How many of us have ongoing projects which came to a halt because one wants the best quality and the job simply became too tedious and daunting?

The unfinished model usually is carefully stored in boxes or wrapped and stored in a safe place until we pick up again some day (?) where we left off.

Then we start a new model. Of course, something easy to provide us with a much needed sense of accomplishment, but with less effort, maybe in a smaller scale, and we promise ourselves to be less ambitious this time (almost straight out-of-the-box with only minor improvements) simply because this is a model to take a break from the other, bigger project. But trouble is waiting just around the bend.

Of course we do a little research on the original ship, a few posts on the DF Forum and a couple of emails to fellow ship modelers - and we find ourselves planning on fixes and detailing again. As our knowledge grows, we become attached to the ship and soon we are unable just to ‘slap it together’. The kit's errors become unacceptable as if each one of them has a magnifying glass attached. Seeing the fine work of fellow modelers posted on websites doesn't help either. We are inspired yes, but we want to prove ourselves that we ‘got what it takes’. That is only human.

Soon the work that still lies ahead becomes tedious and daunting. So this project comes to a halt, just like the one before. Here we go: boxing and storing, joining the first model.

And so on...

I guess one of the reasons modeling fun becomes a daunting task is the fear of making mistakes, the fear of not being ‘accepted’ by the ‘modeling community’, whatever that means. Of course we all know that superdetailing has no end. We must make compromises and omit certain things for the sake of getting the model done one day. Yet any ship modeling project with fixes and the use of photo etched parts with the goal to closely represent the original at any given time frame is time consuming and requires concentration, and might eventually become tedious and discouraging to the stalling point.

Our hobby is not only about relaxation, it is about challenges as well. The latter is the refreshing part.

Yet in spite of all these conclusions we desperately need the aforementioned sense of creative accomplishment - an integral part of the modeling hobby - and the human mind.

My suggestion is the following: Why not assemble and paint a 1/600 model almost straight out-of-the-box, with a very limited and pre-defined number of fixes (no second thoughts!)? We can display the model and one day replace it by a finer, more accurate version. I would almost bet that the latter will not become necessary at all.

Here are three suggestions for this kind of project:

1) The 1/570 (+/-) Revell Queen Mary using the TMW generic 1/600 photo-etched set which contains the railings and the shrouds / ratlines. We do not change any of the styrene parts except for cutting out the railings to be replaced. We use the paint suggested by the instructions except for the funnel color for which we chose a more orange-red. We only use putty for obvious sink holes and ill-fitting parts.

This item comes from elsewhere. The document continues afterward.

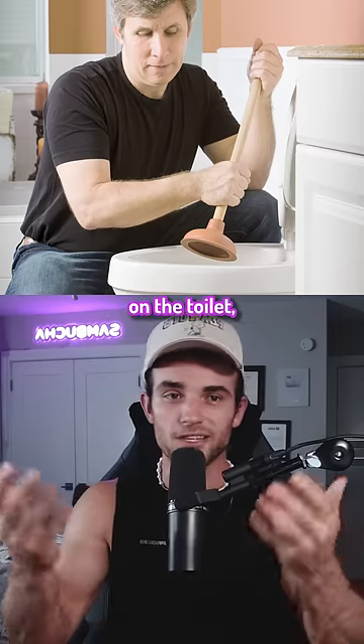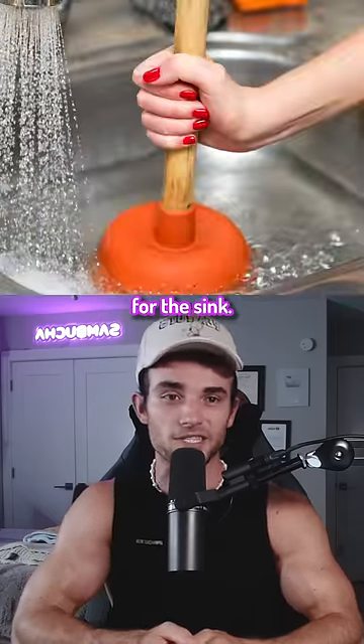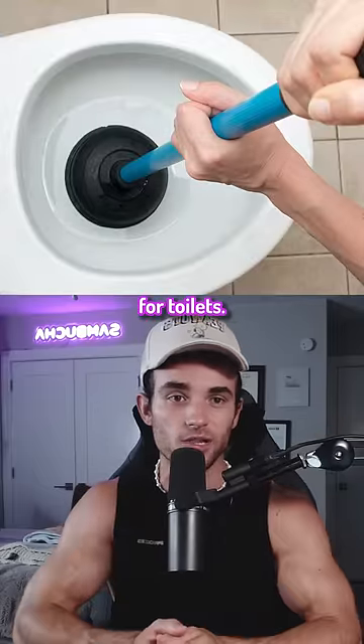If you ever try to use this plunger on the toilet, you made a mistake, because this one is meant for the sink. The flange plunger is the actual plunger for toilets.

2) The 1/600 Airfix Queen Elizabeth (the first one). We use the TMW generic photo etch set for railings and ratlines and the ‘Russ Wild / Scott Reigel’ window decal set. Again, no fixes of styrene parts and the only different color is the funnel color, same as Queen Mary.

3) We participate in the Build The Same Kit Event by building the Airfix 1/600 Queen Elizabeth 2 almost totally straight out-of-the-box. This time the only fixes are applying Evergreen K-2 styrene strips on the downside of the forward bridge wings (this fix only takes minutes) and using a better choice of colors (Onno's model is an excellent guide), including a two-tone lower hull. The upper color being a medium bright red and the lower a flat brick / claypot color, slightly darker than the upper red. Some puttying is required. No photo etched parts.


Rules for all three projects: No drilling out of portholes. The ones in the white hull area will be marked with a black permanent marker fine tip pen.

We do not go for contest quality. Some minor errors are allowed. We do not need to airbrush everything if it's inconvenient. If we feel like brushpainting certain parts or areas, we go for it.

The idea is to get the model done the best possible as opposed to striving for perfection in each detail. We go for the overall look, feel and appearance and focus on the whole, not the detail.


Objective: With only an hour and a half of work each evening any of the above projects can be finished within a little over a month. And after that our faith in ourselves - and modeling - might be restored. Then we can pick up work on the stored-away models again. Most likely we will have a new approach to modeling and know that a model is not the sum of its parts, it's about balance.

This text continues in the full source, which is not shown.